For their part, the Bankless duo was prepared to defend ETH on each and every one of Selkis’ points. According to Adams, ether is a full market cycle behind bitcoin. He fielded Selkis’ argument on bitcoin as a dominant player with no rivals vs. Ethereum’s many competitors, saying that the case is “much overstated.”

While there are many “ETH killers” who say that they are competitors to ETH, to Selkis’ point on “marketing and centralized war chests,” Adams said, “it’s that centralization that makes them weak competitors to Ethereum.”

What ether has going for it is “credible neutrality,” Adams argued, pointing out that it wasn’t funded by venture capitalists or reserved for accredited investors.

“It’s already crossed the gauntlet to become a decentralized network. Even the US Commodity Futures Trading Commission said the two cryptoassets that are commodities are bitcoin and ether,” said Adams.

Instead, no matter how it looks at a high level, what’s really going on is that these so-called ETH killers, the other smart contract platforms, are competing with one another and Ethereum’s layer two but not ether as an asset for money, claimed Adams.

Bitcoin got caught up in the crossfire, and Bankless’ Ryan Sean Adams argued that the biggest cryptocurrency is only good for holding and maybe transacting, though as more whales and institutions are using it, then the fees are going to make transactions nonsensical.

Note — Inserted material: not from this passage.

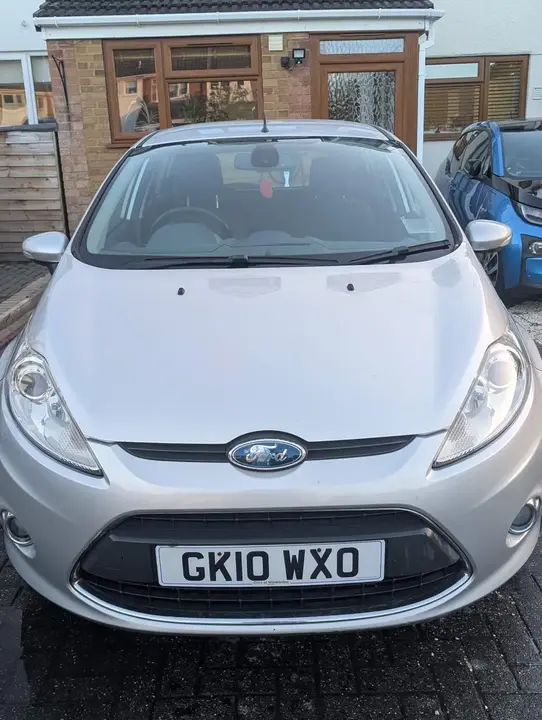 Ford Fiesta 2010 photo 2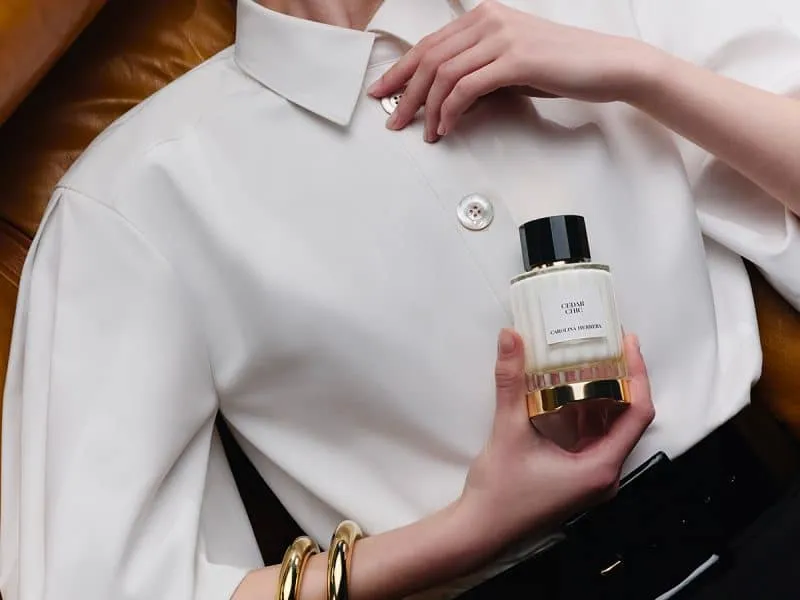 Carolina Herrera Dubai Carolina Herrera perfume Dubai Carolina Herrera new fragrance Cedar Chic Carolina Herrera pop up Dubai Mall Herrera Confidential collection Dubai luxury fragrances Dubai new perfume launches Dubai Mall events September 2025 perfumes Dubai best perfumes Dubai luxury perfume brands Carolina Herrera Cedar Chic review Carolina Herrera scents Dubai perfume pop up Dubai shopping Dubai new scents Dubai high end perfume Dubai fragrance lovers Dubai designer perfume Dubai Eau de Parfum Dubai elegant perfumes Dubai gender neutral perfumes Dubai cedarwood perfume Dubai bergamot perfume Dubai orange blossom scent Dubai perfume trends Dubai fall fragrances Dubai niche perfumes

Ethereum, on the other hand, “has so much more surface area,” Adams argued, saying you can hold and transact in addition to having an “economy of stablecoins” and a “trading economy built upon Uniswap,” not to mention non-fungible tokens.

“There are all of these different vectors for people to enter that bitcoin simply doesn’t have,” he said, adding that the one thing bitcoin has is a better meme as digital gold.

Who’s the winner?

Meanwhile, Selkis also argued in the podcast that bitcoin isn’t money either, saying that neither of them are money in the traditional sense. But apparently, bitcoin is more money-like than ether.

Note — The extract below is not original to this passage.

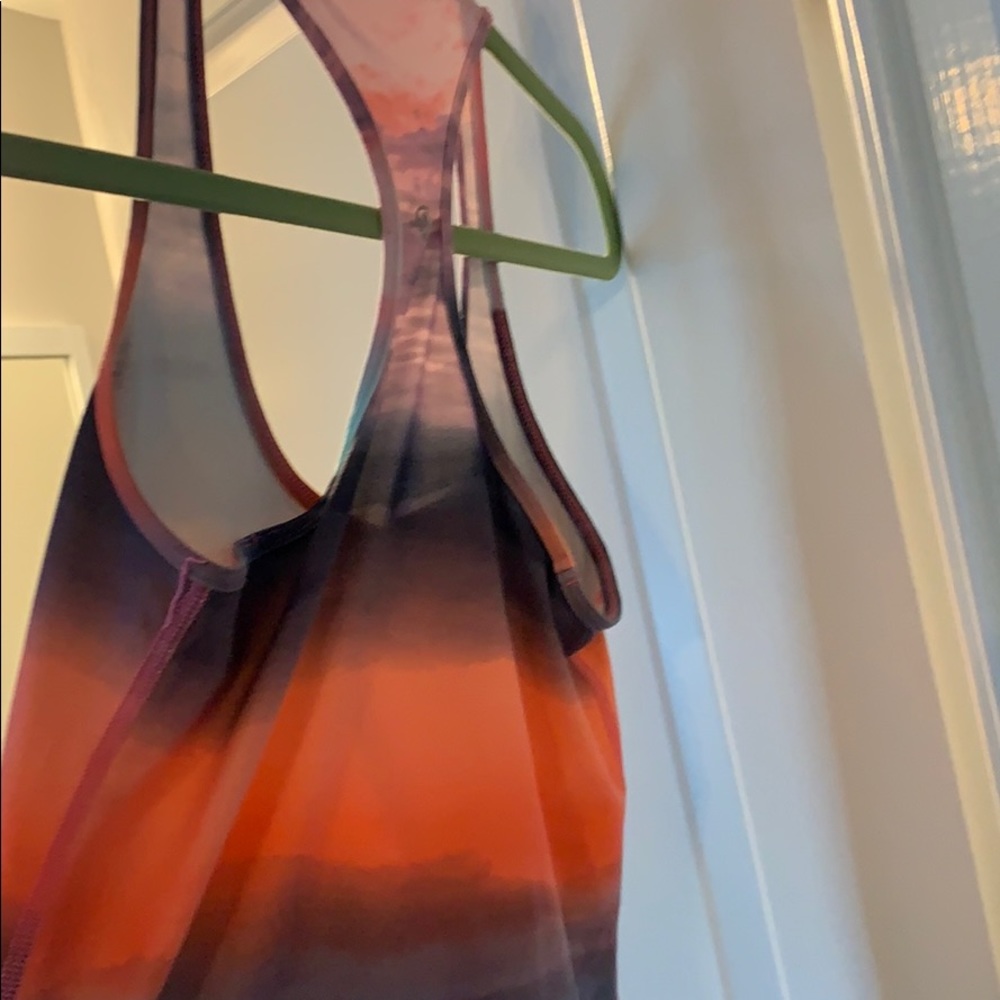 Lululemon Razorback - Picture 2 of 3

“Every token can be money. Every stock can be money, right, if you just loosen the definition enough…We’re really talking about, which is the ultimate and best form of digital money. Is it bitcoin? Is it ethereum? Is there any chance that ethereum is going to flippen bitcoin for that use case? And the answer is definitively no. Not any time soon. And if it does, there’s something very systemically wrong, I think, in the industry,” Selkis said, adding that for the money narrative, it’s a “winner takes most market.”

At the time of writing (15:05 UTC), ETH trades at USD 662 and is up by 7% in a day and 19% in a week. The price rallied by 41% in a month and 434% in a year. At the same time, BTC is at USD 23,083, or 12% higher than a day ago and 27% higher than last week. It jumped by 35% in a month and 241% in a year.

Meanwhile, the 24-hour BTC trading volume surpassed USD 47.4bn today, compared with ETH’s USD 15.9bn.